The oil recovery enhancement is a major technical issue in the development of oil and gas fields. The smart oil field is an effective way to deal with the issue. It can achieve the maximum profits in the oil production at a minimum cost, and represents the future direction of oil fields. This paper discusses the core of the smart field theory, mainly the real-time optimization method of the injection-production rate of water-oil wells in a complex oil-gas filtration system. Computing speed is considered as the primary prerequisite because this research depends very much on reservoir numerical simulations and each simulation may take several hours or even days.

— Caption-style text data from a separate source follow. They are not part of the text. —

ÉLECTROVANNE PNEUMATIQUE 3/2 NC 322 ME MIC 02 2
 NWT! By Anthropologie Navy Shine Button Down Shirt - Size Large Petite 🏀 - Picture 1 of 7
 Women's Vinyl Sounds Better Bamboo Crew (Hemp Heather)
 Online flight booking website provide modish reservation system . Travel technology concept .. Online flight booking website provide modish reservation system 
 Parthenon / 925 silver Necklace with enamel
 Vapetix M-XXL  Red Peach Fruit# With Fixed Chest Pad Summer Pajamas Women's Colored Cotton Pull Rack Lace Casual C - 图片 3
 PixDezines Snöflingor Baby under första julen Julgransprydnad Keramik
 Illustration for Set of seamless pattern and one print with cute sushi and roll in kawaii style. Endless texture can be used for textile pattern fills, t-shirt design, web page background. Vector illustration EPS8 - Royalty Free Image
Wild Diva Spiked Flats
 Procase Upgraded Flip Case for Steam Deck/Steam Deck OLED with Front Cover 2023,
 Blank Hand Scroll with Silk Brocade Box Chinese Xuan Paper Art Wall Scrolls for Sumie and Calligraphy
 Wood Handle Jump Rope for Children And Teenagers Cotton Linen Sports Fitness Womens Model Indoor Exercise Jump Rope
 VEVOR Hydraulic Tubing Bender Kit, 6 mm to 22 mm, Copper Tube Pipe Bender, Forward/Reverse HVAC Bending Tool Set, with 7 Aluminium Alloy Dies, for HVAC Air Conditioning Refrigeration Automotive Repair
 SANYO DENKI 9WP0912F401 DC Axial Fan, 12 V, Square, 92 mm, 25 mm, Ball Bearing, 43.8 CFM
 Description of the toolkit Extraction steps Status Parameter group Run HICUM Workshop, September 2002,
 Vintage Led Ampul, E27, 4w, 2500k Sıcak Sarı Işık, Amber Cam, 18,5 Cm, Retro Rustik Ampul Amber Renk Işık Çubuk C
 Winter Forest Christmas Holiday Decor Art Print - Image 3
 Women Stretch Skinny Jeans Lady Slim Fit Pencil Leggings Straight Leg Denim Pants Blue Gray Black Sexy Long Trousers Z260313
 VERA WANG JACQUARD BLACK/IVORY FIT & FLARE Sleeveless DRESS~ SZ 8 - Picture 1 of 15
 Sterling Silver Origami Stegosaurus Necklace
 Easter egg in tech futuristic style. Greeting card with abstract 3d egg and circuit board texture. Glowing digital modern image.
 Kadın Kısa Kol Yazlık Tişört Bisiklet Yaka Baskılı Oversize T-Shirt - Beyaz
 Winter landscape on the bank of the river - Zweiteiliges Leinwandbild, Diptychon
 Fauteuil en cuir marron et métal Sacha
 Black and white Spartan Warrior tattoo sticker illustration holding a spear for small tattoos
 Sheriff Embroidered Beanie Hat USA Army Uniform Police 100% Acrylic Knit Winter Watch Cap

An adjoint gradient method of the maximum theory is chosen for the solution of the optimal control variables. Conventional solving method of the maximum principle requires two solutions of time series: the forward reservoir simulation and the backward adjoint gradient calculation. In this paper, the two processes are combined together and a fully implicit reservoir simulator is developed. The matrixes of the adjoint equation are directly obtained from the fully implicit reservoir simulation, which accelerates the optimization solution and enhances the efficiency of the solving model. Meanwhile, a gradient projection algorithm combined with the maximum theory is used to constrain the parameters in the oil field development, which make it possible for the method to be applied to the water flooding optimization in a real oil field. The above theory is tested in several reservoir cases and it is shown that a better development effect of the oil field can be achieved.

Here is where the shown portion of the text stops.